I ran into so many failures trying to install Free BSD dozens of times not really giving up till the next day and reinstalling windows so my mom can take advantage of wathign Plex again off the Server I was running on windows.

I know i configured my ip4 correctly and even when i tried DHCP i still ran into the same problems
my ISP gives me about 400 MPS i Using a Dlink Router.and do not have any problems with my Modem.
I use to have OpenBSD but i like to rum Plex on my OS using about 6 Sata Drives om my Amd Athalon 64 Bit
I think the problem is fetching packages either just hang or just stop, never sure how to run Plex on OpenBSd so I wanted to use FreeBSd

I really do not know what else to do i just want FreeBsd to be installed then after that I can try to get my Nvidia GTX 750 TI to work as well
I just need a little guidance perhaps. 

Thank You if there is any help out here


----------



## SirDice (Mar 30, 2020)

Alita said:


> I know I configured my ip4 correctly and even when I tried DHCP I still ran into the same problems


So, FreeBSD is actually installed but you don't seem to get an IP address? And what are those "problems" you speak of? Errors? Not connected? Remember, we can't see what's on your screen. So tell us what you did and what the errors (or results) were. "It doesn't work" doesn't give us much to work with.


----------



## Alita (Mar 30, 2020)

SirDice said:


> So, FreeBSD is actually installed but you don't seem to get an IP address?

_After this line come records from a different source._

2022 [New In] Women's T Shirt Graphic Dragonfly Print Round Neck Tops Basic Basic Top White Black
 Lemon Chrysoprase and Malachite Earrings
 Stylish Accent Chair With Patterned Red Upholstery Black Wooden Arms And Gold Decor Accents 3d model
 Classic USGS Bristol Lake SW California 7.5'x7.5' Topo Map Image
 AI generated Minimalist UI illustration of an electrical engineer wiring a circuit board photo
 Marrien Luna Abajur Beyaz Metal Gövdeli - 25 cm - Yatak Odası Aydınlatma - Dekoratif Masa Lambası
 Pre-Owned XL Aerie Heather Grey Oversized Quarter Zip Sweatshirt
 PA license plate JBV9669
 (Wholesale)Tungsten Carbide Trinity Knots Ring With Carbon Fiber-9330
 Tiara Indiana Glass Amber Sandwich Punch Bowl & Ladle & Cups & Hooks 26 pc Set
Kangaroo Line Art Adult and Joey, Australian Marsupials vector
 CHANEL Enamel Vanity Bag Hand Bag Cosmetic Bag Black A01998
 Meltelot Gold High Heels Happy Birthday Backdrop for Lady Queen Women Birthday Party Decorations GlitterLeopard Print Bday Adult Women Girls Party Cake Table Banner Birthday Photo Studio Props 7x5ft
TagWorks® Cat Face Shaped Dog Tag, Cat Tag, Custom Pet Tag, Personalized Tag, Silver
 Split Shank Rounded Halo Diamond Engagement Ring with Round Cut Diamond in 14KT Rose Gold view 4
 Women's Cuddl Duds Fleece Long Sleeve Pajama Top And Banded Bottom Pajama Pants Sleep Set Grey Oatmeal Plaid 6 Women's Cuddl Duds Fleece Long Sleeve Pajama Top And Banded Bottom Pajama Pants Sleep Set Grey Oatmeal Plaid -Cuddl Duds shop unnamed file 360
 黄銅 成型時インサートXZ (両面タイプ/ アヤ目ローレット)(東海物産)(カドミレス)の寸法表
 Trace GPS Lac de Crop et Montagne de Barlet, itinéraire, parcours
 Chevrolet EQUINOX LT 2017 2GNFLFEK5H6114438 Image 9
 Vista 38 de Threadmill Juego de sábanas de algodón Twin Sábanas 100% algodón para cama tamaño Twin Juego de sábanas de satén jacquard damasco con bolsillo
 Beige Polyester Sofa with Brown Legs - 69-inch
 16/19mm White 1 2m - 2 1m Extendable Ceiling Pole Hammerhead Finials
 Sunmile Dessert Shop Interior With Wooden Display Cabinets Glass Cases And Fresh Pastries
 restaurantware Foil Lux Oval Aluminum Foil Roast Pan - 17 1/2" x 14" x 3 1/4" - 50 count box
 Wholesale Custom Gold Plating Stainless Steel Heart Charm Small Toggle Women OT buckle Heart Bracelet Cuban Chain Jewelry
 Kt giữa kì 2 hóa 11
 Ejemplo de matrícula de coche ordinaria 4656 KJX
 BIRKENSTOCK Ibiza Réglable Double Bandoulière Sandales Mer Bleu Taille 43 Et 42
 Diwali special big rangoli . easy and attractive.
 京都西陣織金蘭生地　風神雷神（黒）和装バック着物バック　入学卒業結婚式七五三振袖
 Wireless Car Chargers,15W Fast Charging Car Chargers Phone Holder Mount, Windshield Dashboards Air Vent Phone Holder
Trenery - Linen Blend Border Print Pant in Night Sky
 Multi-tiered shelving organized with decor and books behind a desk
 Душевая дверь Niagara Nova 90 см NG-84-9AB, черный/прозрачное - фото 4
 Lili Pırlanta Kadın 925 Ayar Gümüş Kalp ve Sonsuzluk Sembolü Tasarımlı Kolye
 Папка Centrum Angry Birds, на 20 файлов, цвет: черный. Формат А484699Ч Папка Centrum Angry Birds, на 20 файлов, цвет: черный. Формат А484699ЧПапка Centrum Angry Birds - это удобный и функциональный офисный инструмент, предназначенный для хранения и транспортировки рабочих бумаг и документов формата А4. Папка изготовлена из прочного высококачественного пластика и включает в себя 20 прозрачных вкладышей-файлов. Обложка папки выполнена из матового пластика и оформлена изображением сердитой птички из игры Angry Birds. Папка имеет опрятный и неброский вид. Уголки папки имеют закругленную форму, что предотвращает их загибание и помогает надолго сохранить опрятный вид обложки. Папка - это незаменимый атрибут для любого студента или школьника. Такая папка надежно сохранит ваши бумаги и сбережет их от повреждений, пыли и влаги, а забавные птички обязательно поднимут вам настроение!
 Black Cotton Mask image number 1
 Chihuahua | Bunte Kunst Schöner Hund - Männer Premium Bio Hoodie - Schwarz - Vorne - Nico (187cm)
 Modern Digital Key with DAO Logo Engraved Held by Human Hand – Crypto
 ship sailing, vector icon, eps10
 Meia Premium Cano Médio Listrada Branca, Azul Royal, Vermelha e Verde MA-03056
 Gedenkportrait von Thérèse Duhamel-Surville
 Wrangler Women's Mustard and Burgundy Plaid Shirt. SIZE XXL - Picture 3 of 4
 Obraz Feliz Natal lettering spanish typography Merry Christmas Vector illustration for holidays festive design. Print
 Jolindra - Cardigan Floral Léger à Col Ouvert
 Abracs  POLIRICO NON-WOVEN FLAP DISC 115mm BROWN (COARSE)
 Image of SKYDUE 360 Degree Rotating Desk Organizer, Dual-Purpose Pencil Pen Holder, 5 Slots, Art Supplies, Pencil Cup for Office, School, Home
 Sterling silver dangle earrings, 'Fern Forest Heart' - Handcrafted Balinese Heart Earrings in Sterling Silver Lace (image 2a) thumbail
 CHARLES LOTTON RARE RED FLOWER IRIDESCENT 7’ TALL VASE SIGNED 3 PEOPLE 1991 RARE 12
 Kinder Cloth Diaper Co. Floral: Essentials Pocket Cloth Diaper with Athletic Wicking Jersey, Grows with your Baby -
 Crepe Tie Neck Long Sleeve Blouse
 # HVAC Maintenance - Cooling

And what are those "problems" you speak of? Errors? Not connected? Remember, we can't see what's on your screen. So tell us what you did and what the errors (or results) were. "It doesn't work" doesn't give us much to work with.



Hello

(I will give this another try tomorrow as mom is still watching plex and her favorite shows)


At the moment as i said i have Windows 7 installed so my mom can watch Plex again I am sorry i was not clear enough

Yes I had a connection i also was able to ftp and ping with no problems but when it came to doing tasks like pkg update that went fine
so did the upgrade but Xorg would not install from the Ports nor from pkg source as conenction keeps dropping off

but i believe most of the problems may be happening because this is the newest version? and the location of packages may not have been working correctly weather it be current or quarterly

i am not sure what i can do , i even at one point changed the FreeBSD.conf file either i get an invaid signature or, the connection drop so many times i have to keep interrupting the download and do it over so many times till it says 100% finished oin the downloads if i dont cancel and redo it , it willl just stall and not move again

I would like to try all over again and just get a working desktop a light one not so bloated,so i can get a Desktop maybe Xfce or Gnome

Thank you so much for any help


----------